Given records.
_ _ _ _ _

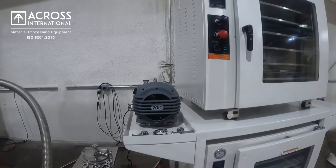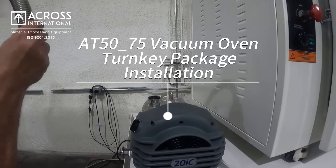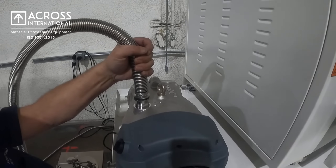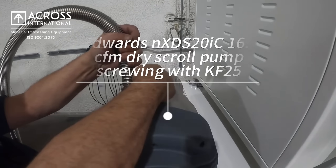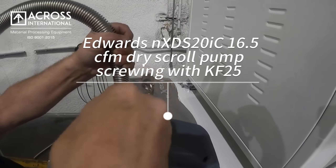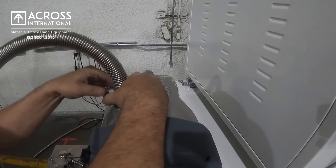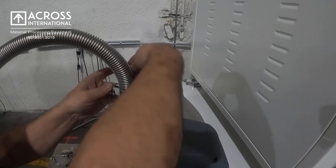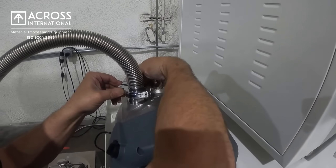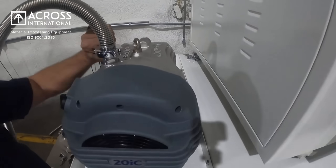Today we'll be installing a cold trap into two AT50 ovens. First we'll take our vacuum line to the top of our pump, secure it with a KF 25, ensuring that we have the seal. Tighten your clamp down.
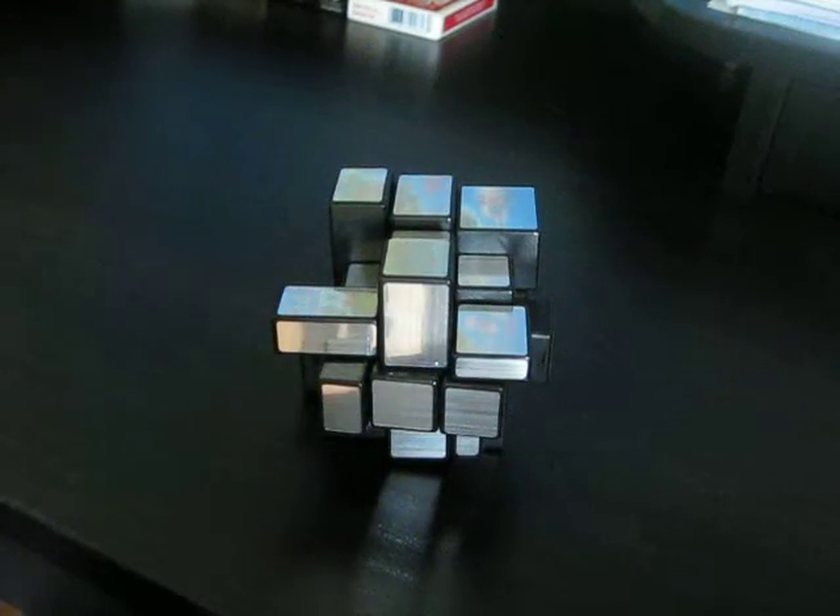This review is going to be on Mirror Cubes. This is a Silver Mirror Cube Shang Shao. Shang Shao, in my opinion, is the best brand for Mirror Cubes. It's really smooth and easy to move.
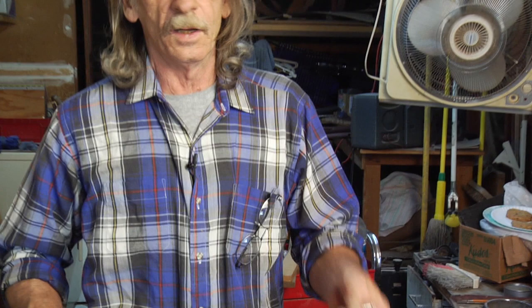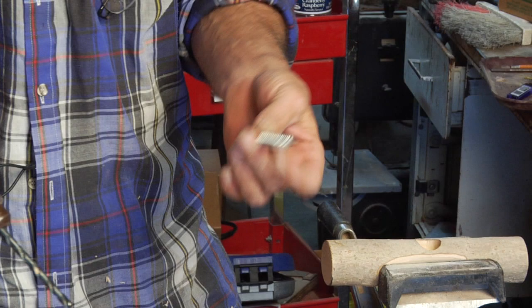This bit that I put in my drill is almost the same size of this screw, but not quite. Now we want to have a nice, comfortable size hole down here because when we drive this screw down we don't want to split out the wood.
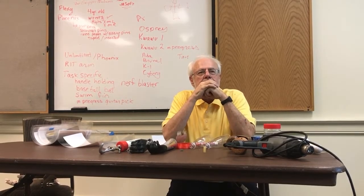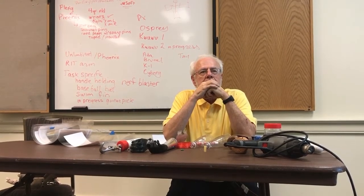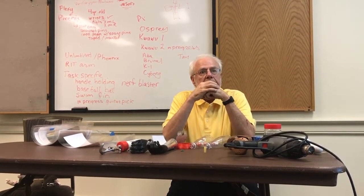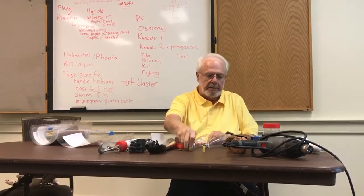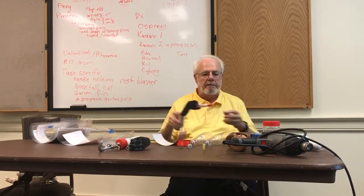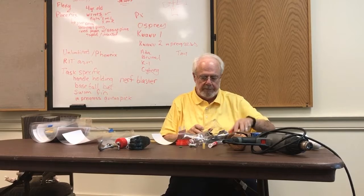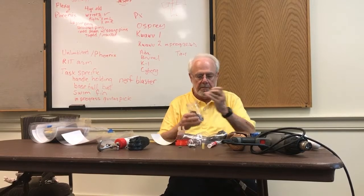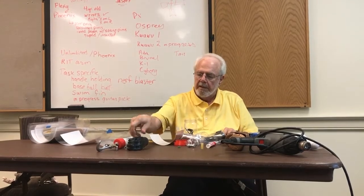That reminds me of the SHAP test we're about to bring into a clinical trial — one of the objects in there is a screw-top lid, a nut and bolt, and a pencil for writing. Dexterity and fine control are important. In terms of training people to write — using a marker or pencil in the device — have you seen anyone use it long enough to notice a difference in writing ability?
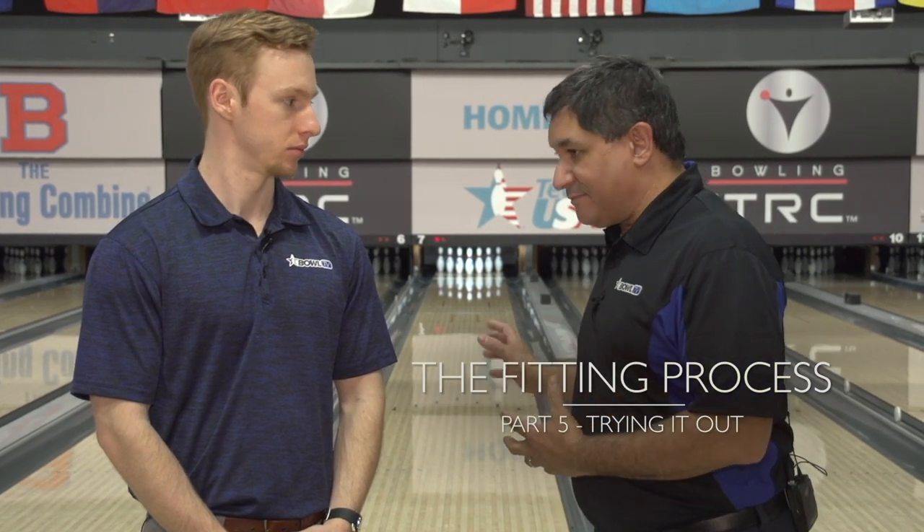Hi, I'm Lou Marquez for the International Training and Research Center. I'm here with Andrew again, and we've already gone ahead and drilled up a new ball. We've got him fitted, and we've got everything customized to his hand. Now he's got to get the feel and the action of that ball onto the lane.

_ _ _ _ _

What you should do. What you return must be the entries above, exactly as they appear, without any pictures.

Written response.
Today we'll be installing a cold trap into two AT50 ovens. First we'll take our vacuum line to the top of our pump, secure it with a KF 25, ensuring that we have the seal. Tighten your clamp down.
This review is going to be on Mirror Cubes. This is a Silver Mirror Cube Shang Shao. Shang Shao, in my opinion, is the best brand for Mirror Cubes. It's really smooth and easy to move.
This bit that I put in my drill is almost the same size of this screw, but not quite. Now we want to have a nice, comfortable size hole down here because when we drive this screw down we don't want to split out the wood.
That reminds me of the SHAP test we're about to bring into a clinical trial — one of the objects in there is a screw-top lid, a nut and bolt, and a pencil for writing. Dexterity and fine control are important. In terms of training people to write — using a marker or pencil in the device — have you seen anyone use it long enough to notice a difference in writing ability?
Hi, I'm Lou Marquez for the International Training and Research Center. I'm here with Andrew again, and we've already gone ahead and drilled up a new ball. We've got him fitted, and we've got everything customized to his hand. Now he's got to get the feel and the action of that ball onto the lane.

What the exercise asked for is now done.